* Your instructions *
Using the listing that follows, filter out every line lacking the string "blue" and return the rest.

* Material shown *
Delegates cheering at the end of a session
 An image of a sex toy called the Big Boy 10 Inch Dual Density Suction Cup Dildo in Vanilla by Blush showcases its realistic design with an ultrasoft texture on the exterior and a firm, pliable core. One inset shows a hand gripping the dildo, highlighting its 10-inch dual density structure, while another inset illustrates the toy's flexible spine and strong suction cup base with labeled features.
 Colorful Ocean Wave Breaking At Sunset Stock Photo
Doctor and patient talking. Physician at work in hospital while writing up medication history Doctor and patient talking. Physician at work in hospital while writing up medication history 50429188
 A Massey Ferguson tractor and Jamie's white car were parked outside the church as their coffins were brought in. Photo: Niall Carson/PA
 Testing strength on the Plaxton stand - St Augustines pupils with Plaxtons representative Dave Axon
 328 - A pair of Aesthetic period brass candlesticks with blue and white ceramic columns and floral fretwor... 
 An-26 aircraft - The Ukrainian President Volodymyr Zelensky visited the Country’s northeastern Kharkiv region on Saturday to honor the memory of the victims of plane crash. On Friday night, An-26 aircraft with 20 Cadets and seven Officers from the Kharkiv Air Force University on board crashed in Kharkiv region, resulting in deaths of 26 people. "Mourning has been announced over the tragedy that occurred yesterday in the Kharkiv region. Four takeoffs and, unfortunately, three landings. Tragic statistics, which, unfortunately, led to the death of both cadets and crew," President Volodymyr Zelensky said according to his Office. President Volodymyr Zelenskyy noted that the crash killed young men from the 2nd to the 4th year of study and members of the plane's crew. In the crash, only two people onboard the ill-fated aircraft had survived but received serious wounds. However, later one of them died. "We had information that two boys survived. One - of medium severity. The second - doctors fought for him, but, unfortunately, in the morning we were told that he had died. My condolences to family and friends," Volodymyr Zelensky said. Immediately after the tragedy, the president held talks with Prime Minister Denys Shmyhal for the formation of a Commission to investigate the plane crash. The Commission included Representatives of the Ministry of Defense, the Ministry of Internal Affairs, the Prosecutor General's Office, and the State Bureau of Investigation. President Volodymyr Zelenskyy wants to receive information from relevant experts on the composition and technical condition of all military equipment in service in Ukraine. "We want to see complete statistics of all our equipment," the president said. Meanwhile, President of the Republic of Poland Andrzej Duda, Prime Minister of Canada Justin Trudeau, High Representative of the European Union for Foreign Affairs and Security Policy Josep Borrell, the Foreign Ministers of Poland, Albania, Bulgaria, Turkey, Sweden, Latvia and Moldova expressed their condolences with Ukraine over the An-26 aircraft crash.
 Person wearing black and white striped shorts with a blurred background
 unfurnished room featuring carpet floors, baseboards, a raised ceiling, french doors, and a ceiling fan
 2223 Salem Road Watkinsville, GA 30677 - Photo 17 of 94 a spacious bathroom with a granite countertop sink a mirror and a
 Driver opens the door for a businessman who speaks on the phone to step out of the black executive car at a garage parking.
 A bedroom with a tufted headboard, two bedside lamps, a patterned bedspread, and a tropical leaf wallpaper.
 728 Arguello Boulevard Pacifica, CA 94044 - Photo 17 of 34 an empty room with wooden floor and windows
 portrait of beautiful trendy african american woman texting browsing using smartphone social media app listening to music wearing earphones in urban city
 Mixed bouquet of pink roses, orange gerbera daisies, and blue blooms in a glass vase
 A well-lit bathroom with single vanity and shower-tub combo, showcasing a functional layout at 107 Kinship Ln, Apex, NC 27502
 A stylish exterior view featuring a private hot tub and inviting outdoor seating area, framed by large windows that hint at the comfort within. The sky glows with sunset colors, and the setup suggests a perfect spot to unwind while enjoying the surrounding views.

* Result of this exercise *
 328 - A pair of Aesthetic period brass candlesticks with blue and white ceramic columns and floral fretwor... 
 Mixed bouquet of pink roses, orange gerbera daisies, and blue blooms in a glass vase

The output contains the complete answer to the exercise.